L'auteur, qui rentre d'un voyage aux États-Unis où il a eu de nombreux contacts avec des personnalités américaines, esquisse les grands axes de la politique étrangère et de la politique de défense des États-Unis pendant le premier mandat du président Reagan.
Le défi de l'aigle américain
« Il y a aujourd’hui sur la terre deux grands peuples qui, partis de points différents, semblent s’avancer vers le même but : ce sont les Russes et les Anglo-Américains (...) L’un a pour principal moyen la liberté, l’autre la servitude. Leur point de départ est différent, leurs voies sont diverses, néanmoins chacun d’eux semble appelé par un dessein secret de la Providence à tenir dans ses mains les destinées de la moitié du monde ».

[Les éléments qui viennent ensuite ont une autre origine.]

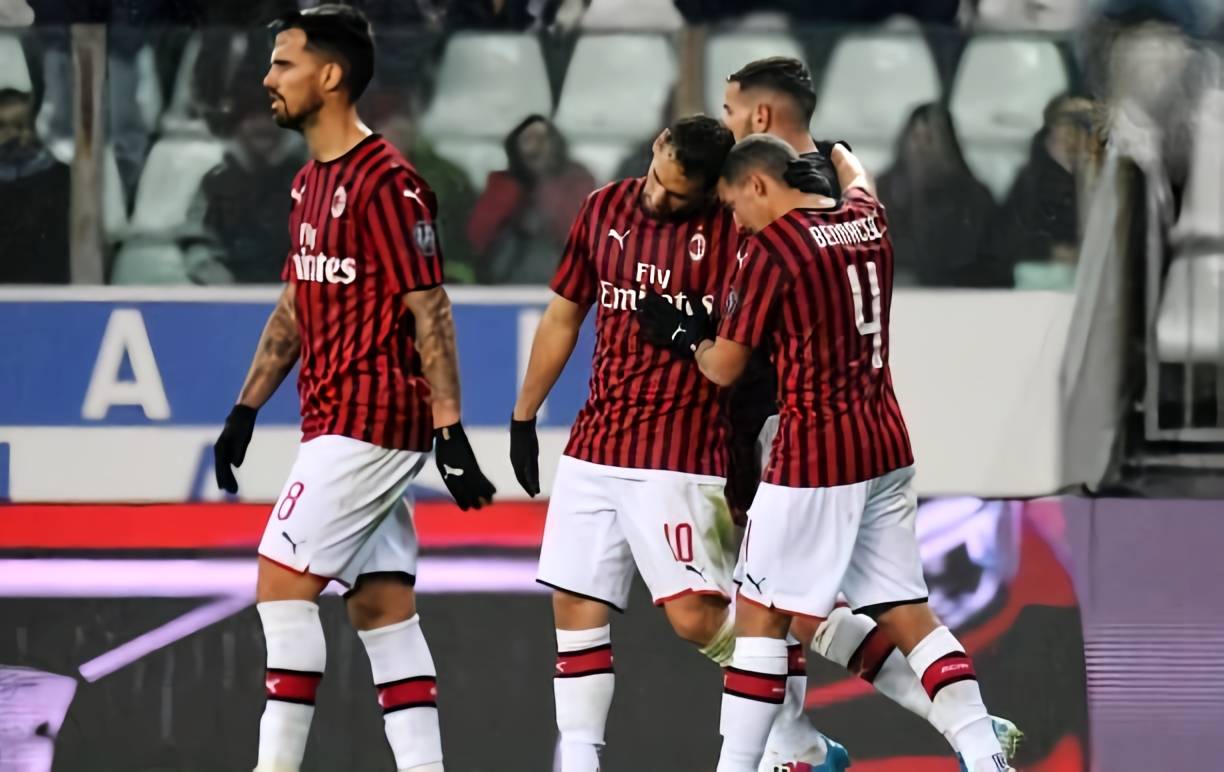 湖人本赛季关键时刻首次失利 东契奇六犯离场怒摔护膝捂脸显失落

Alexis de Tocqueville — 1835 (1)
Avant d’examiner le bilan de la politique étrangère et de la politique de défense des États-Unis au cours du mandat du président Ronald Reagan, il est sans doute essentiel d’analyser l’attitude du peuple américain vis-à-vis de ces problèmes en fonction de la tension qui, historiquement, a toujours existé dans son âme entre l’attachement à l’expérience et la prédisposition à l’idéologie. Cette dernière est exprimée en 1983 par Arthur Schlesinger quand il écrit : « L’élite de la pensée calviniste voyait (il s’agit des pères fondateurs) dans les États-Unis une nation rédemptrice. Cela s’est exprimé au XVIIIe siècle par la théologie de la Providence de Jonathan Edwards, au XIXe siècle avec la théologie de l’esclavage de John Calhoun, au XXe siècle avec la vision de Woodrow Wilson d’un ordre mondial et par l’appel de Foster Dulles à une guerre sainte contre le communisme athée » (2).

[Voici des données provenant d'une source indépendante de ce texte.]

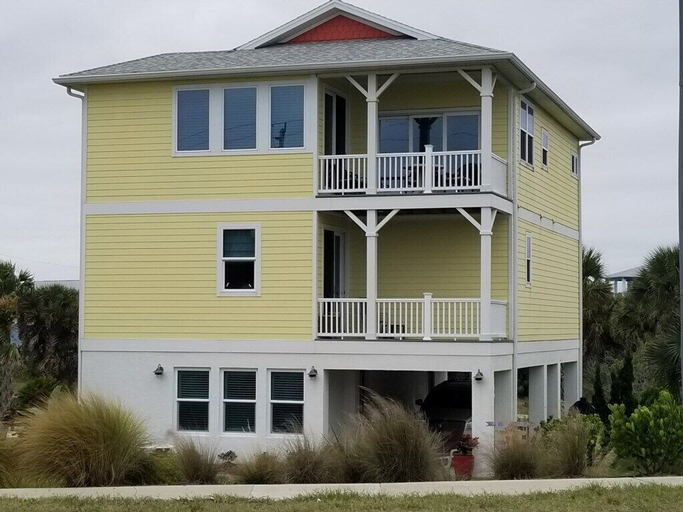 Exterior & Views, Rusty Pelican, Flagler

Les États-Unis sont également tiraillés par un non-interventionnisme pouvant aller jusqu’à l’isolationnisme exprimé en 1823 par le président James Monroe. Pour les Américains, l’interventionnisme est la doctrine selon laquelle l’ordre mondial doit être maintenu dans les pays tiers par l’emploi de la force. Le non-interventionnisme est le non-emploi de la force mais n’exclut pas que les États-Unis se considèrent encore comme la conscience rédemptrice du monde entier, montrant le chemin de la perfection par ses institutions démocratiques et par la pratique de la liberté : il s’agit donc de convaincre par l’exemple plutôt que de vaincre par le glaive.